Jüngst hat die Europäische Kommission das umfassende Sustainable Finance „April-Package" verabschiedet, das drei wesentliche Maßnahmen enthält:

  • Mit der delegierten Verordnung zur EU-Taxonomie wird der erste Teil der technischen Bewertungskriterien der EU-Taxonomie eingeführt. Anhand dieser Kriterien wird zukünftig bestimmt, welche Tätigkeiten wesentlich zur Erreichung der beiden ersten in der Taxonomie-Verordnung festgelegten Umweltziele beitragen, die Anpassung an den Klimawandel und Klimaschutz.
  • Mit dem Vorschlag zur Corporate Sustainability Reporting Directive (CSRD) wird eine Richtlinie zur Nachhaltigkeitsberichterstattung von Unternehmen überarbeitet. Damit wird der Kreis der berichtspflichtigen Unternehmen ausgeweitet und die inhaltlichen Anforderungen an eine Nachhaltigkeitsberichterstattung neu gefasst.
  • Mit der Verabschiedung von sechs Änderungsrechtsakten zur MiFID II, IDD, UCITSD sowie AIFMD wird die Berücksichtigung von Nachhaltigkeitsaspekten in den Wohlverhaltensregeln sowie den Vorgaben zum Anlegerschutz sichergestellt.

Hinzu kommt ein EBA-Konsultationspapier zu neuen Offenlegungsanforderungen bzgl.
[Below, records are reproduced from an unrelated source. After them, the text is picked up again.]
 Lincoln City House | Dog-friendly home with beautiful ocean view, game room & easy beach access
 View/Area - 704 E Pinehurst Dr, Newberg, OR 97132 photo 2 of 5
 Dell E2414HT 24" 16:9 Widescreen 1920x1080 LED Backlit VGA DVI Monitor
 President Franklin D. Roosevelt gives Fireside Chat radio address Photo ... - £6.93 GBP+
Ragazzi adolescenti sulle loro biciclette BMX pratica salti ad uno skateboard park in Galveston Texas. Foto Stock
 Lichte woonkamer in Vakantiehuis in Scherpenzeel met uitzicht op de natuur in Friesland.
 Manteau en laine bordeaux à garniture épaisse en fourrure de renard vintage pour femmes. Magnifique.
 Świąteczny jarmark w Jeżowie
ESG-Risiken im Rahmen der Säule III-Transparenzanforderungen sowie der Entwurf der Delegierten Verordnung zum Artikel 8 der EU-Taxonomie, der Detaillierungen zum Nachhaltigkeitsreporting enthält. Die verschiedenen Normen und entsprechenden Rechtsakte machen deutlich, dass sich die Sustainable Finance bezogenen regulatorischen Anforderungen nicht losgelöst voneinander umsetzen lassen. Vielmehr müssen Finanzinstitute ihr Datenmanagement um die ESG-Anforderungen erweitern und ein ganzheitliches ESG-Datenmanagement etablieren.
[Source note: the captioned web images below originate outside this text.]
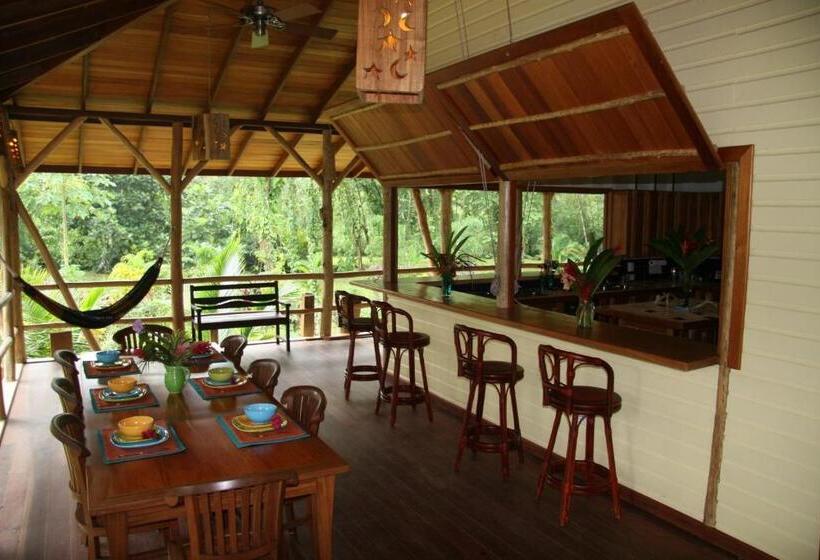 فيلا غرفة نوم واحدة مطلّة علي البحر, Bluff Beach Retreat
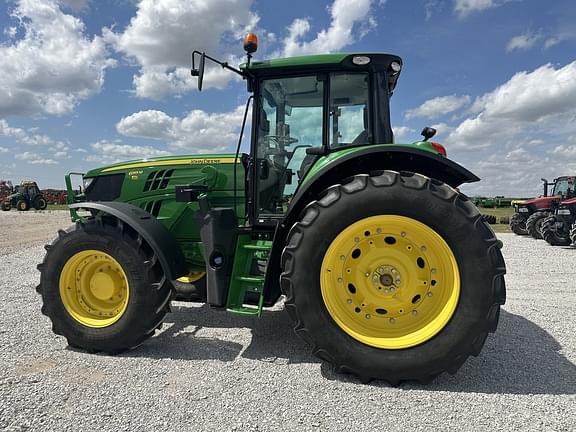 Image of John Deere 6155M equipment image 2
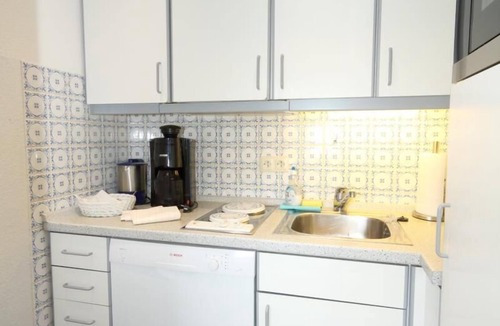 Wenningstedt-Braderup Apartment | App. Feusser - Directly behind the dune at the beach crossing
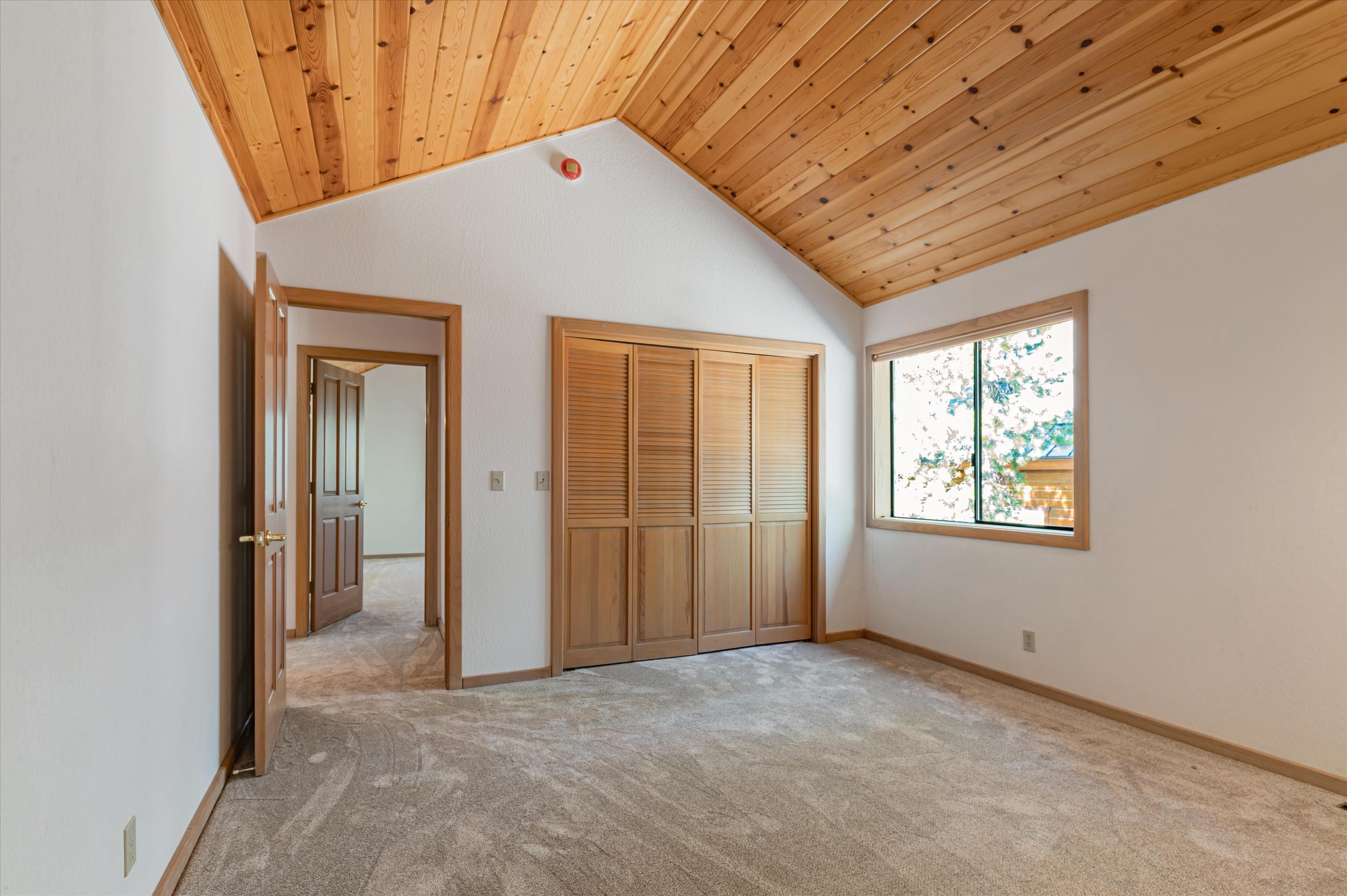 12852 Skiview Loop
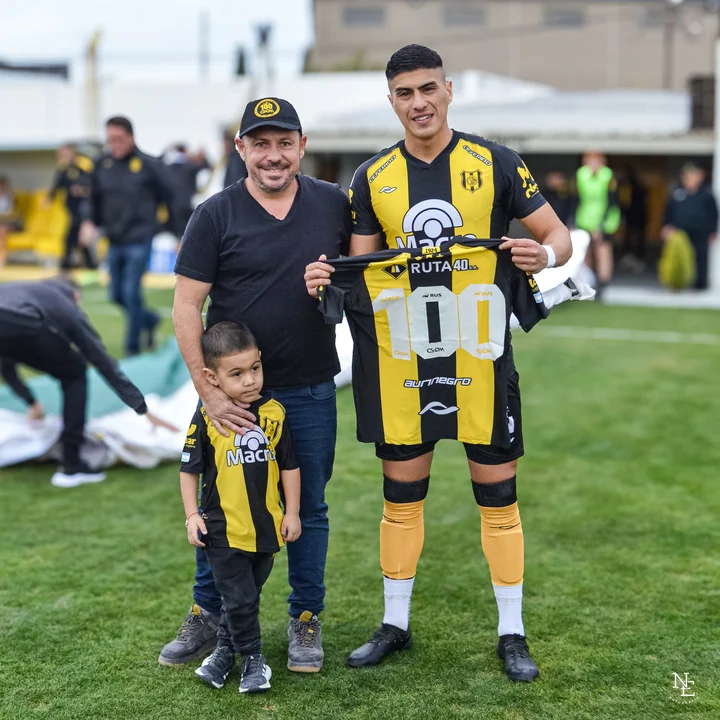 Deportivo Madryn empató sin goles y homenajearon a Mauro Peinipil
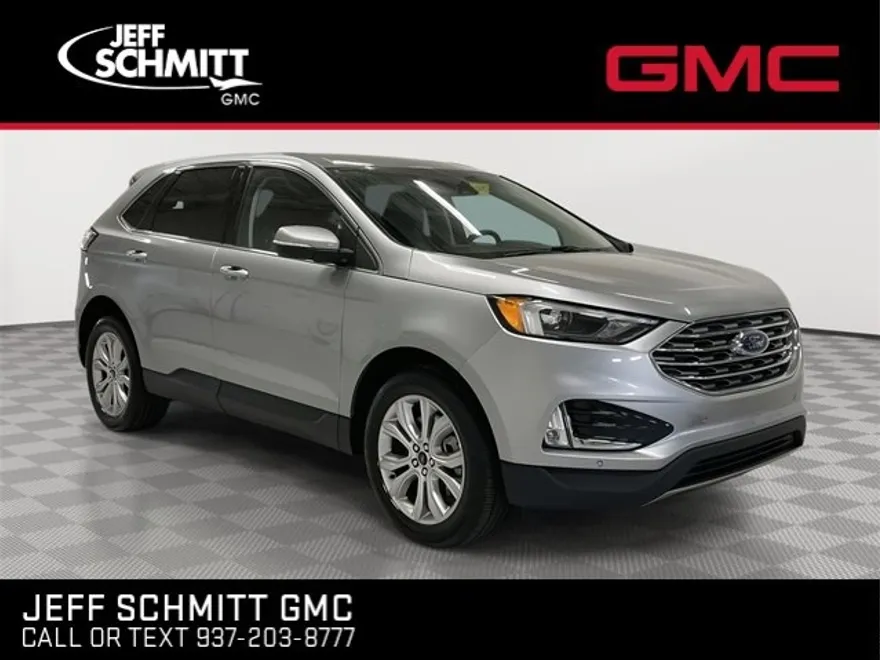 2024 Ford Edge Titanium photo 1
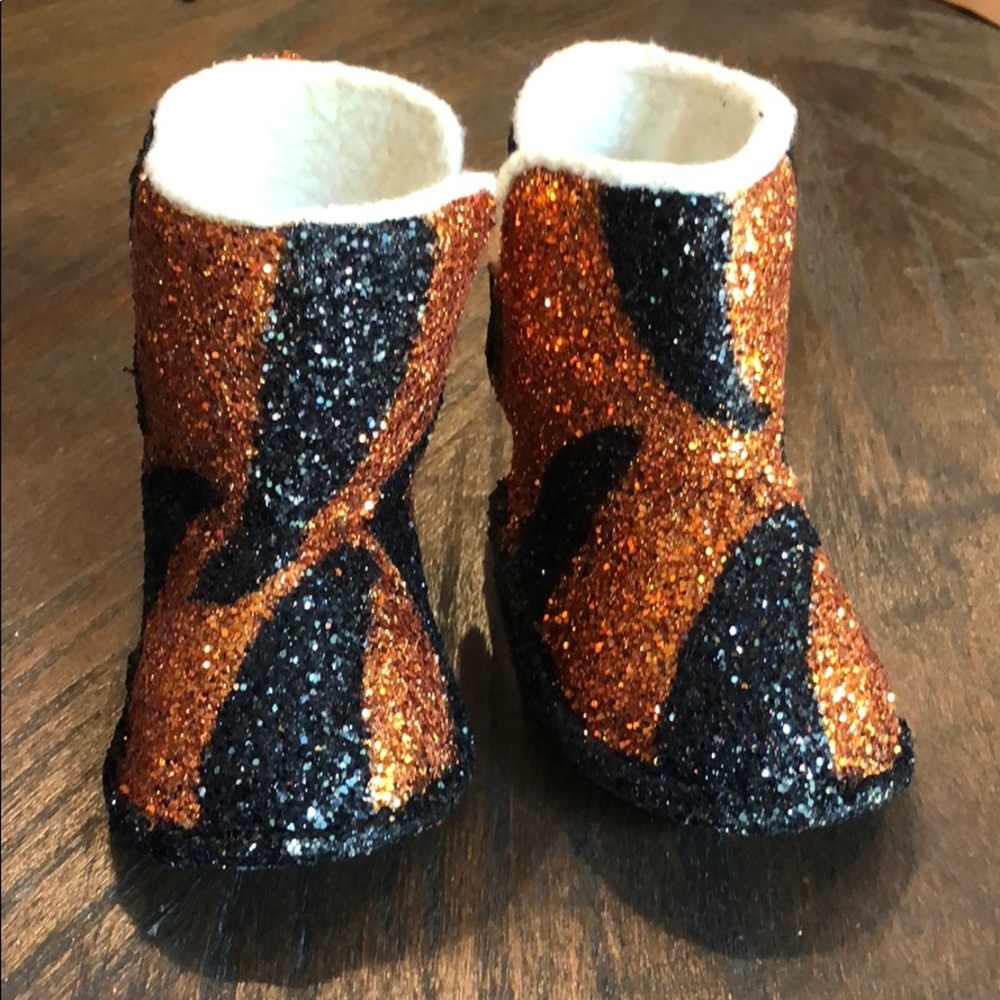 Tiger striped sparkle boots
Was dabei zu beachten ist, welche Lösungsansätze es gibt und wie sich die Perspektive der betroffenen Unternehmen darstellt, ist Gegenstand unserer virtuellen Gesprächsrunde im BANKENNETZWERK.

Referenten

Michaela Valdivia (Direktorin, Bundesverband Öffentlicher Banken Deutschlands, VÖB); Yvonne Quint (Partnerin, BearingPoint); Thomas Grotowski (Projektleiter Sustainable Finance, UniCredit Bank AG); Dr. Andreas K. Gruber (Leiter Public Affairs & Nachhaltigkeit, Deutsche Kreditbank AG) und Dr. Stefan Hirschmann (Mitglied der Geschäftsleitung, VÖB-Service GmbH)
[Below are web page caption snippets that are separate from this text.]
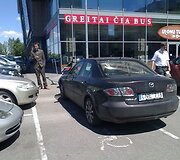 Automobilis pastatytas per dvi vietas, kurios skirtos neįgaliesiems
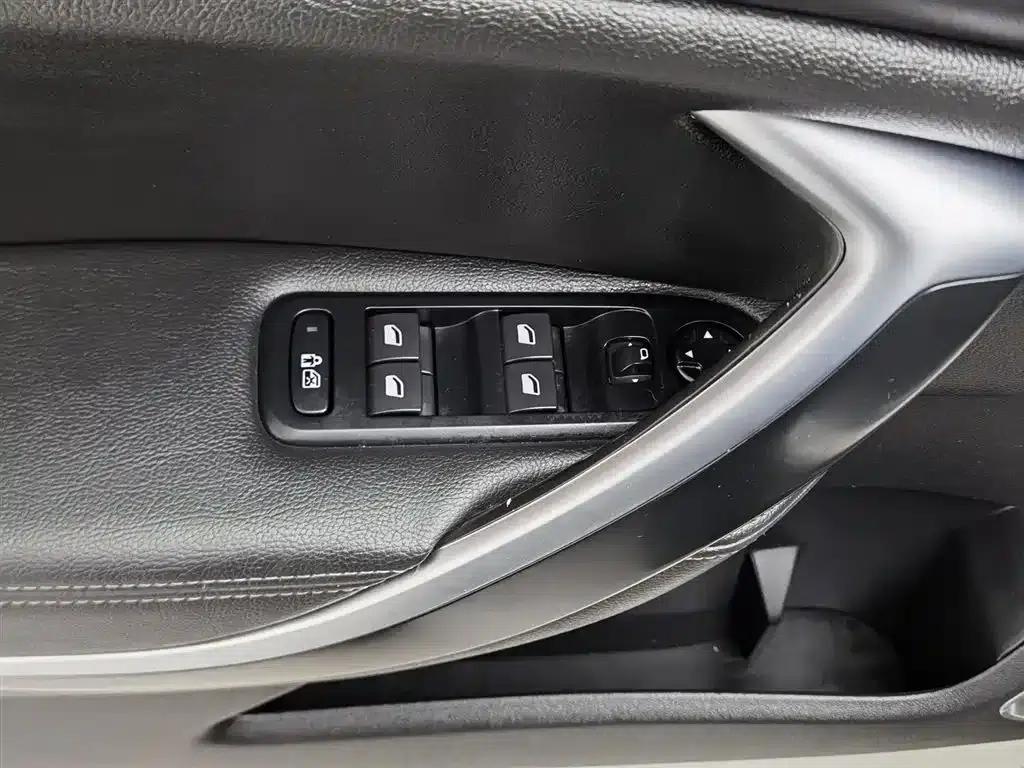 Citroën C5 2017 350THP Automatic Luxury — миниатюра 9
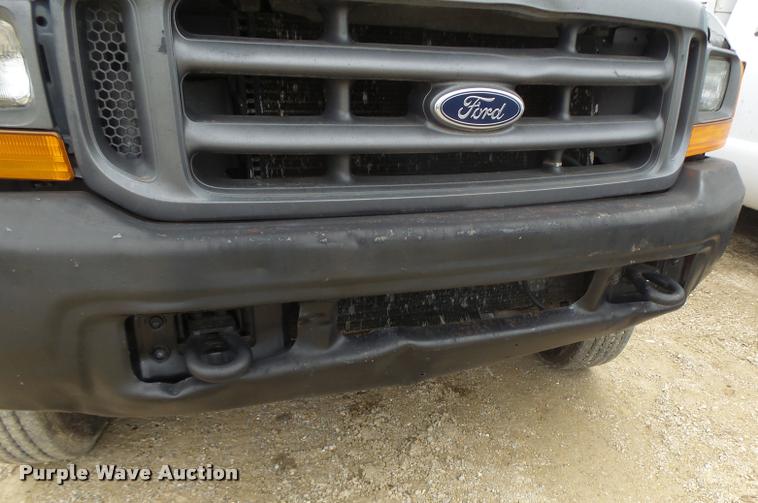 image for item DA3260 2000 Ford F450 Super Duty XL flatbed truck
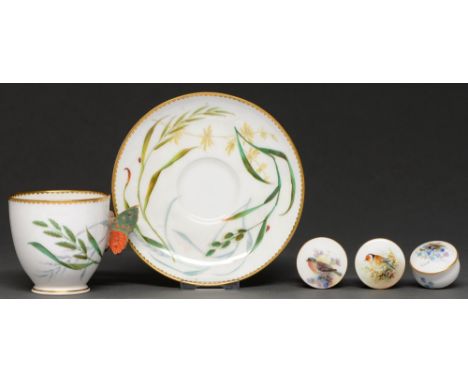 Three Royal Worcester ornithological rouge pots, early 20th c,&nbsp;painted with various birds, mixed sizes, printed marks an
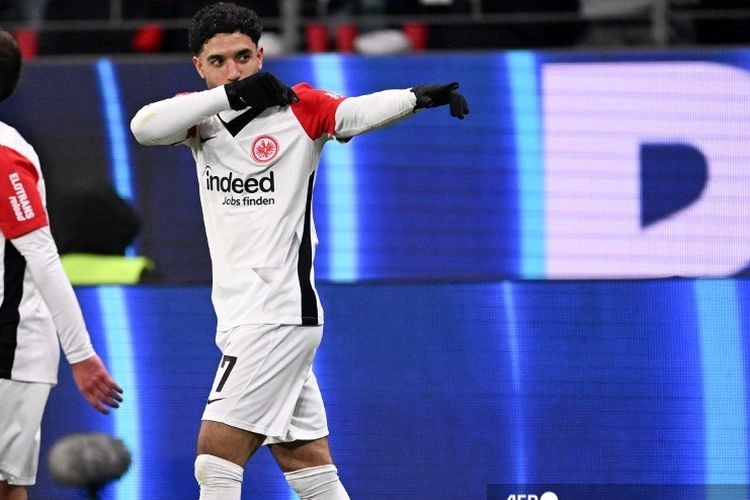 Siapakah Omar Marmoush, Sang ''Striker Lengkap'' Anyar Man City?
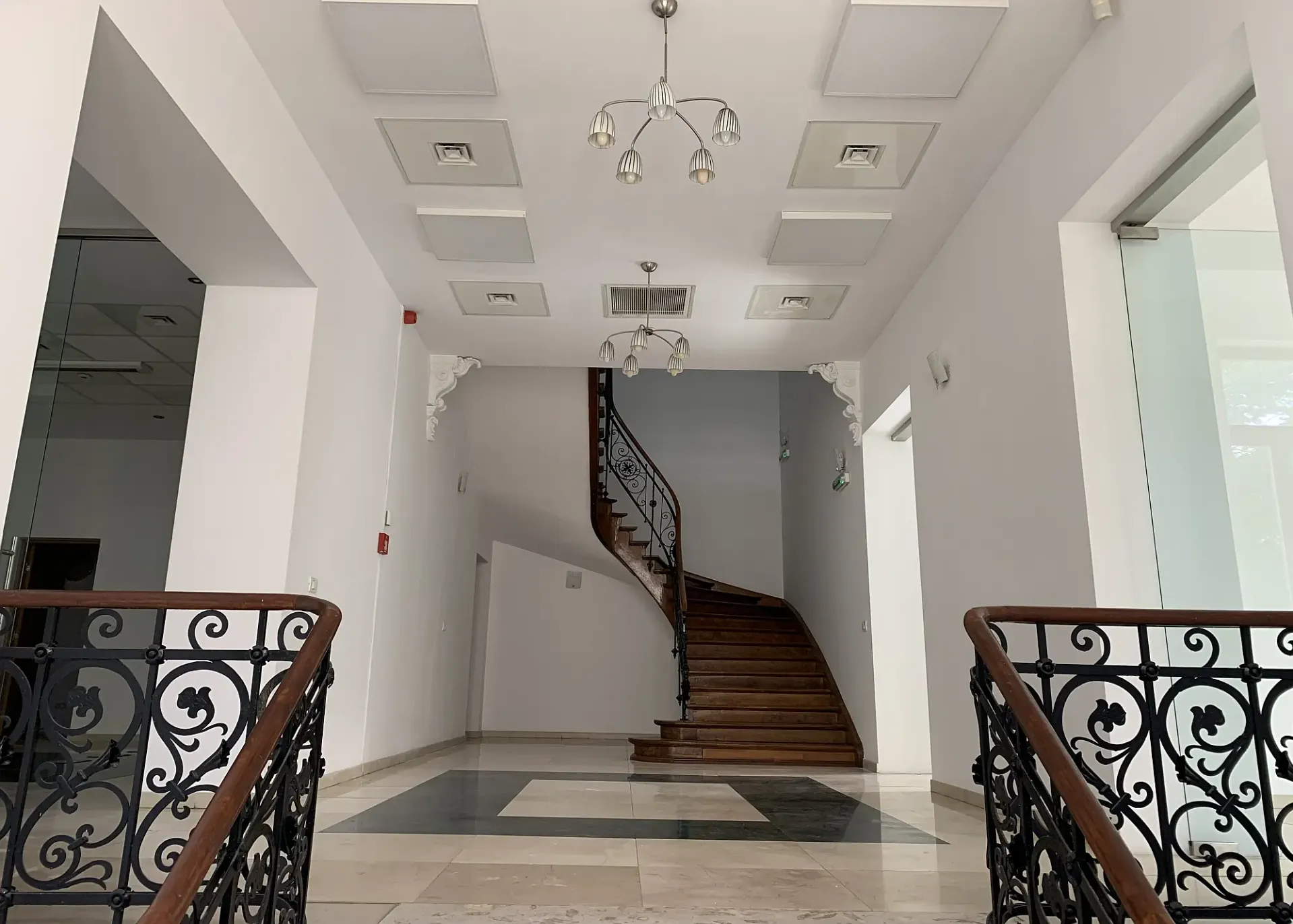 CasaDaneza-cladire istorica - 608m2 (1).webp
Dieses Webinar ist eine gemeinsame Veranstaltung von BearingPoint & VÖB-Service und richtet sich an Fach- und Führungskräfte in Banken, Versicherungen und anderen finanzwirtschaftlichen Unternehmen.

Die Teilnahme ist kostenfrei für Sie. Weitere Informationen sowie die Möglichkeit zur Anmeldung finden Sie auf den Seiten des Bankennetzwerkes.

Wir freuen uns auf Ihre Teilnahme und auf die Diskussion mit Ihnen!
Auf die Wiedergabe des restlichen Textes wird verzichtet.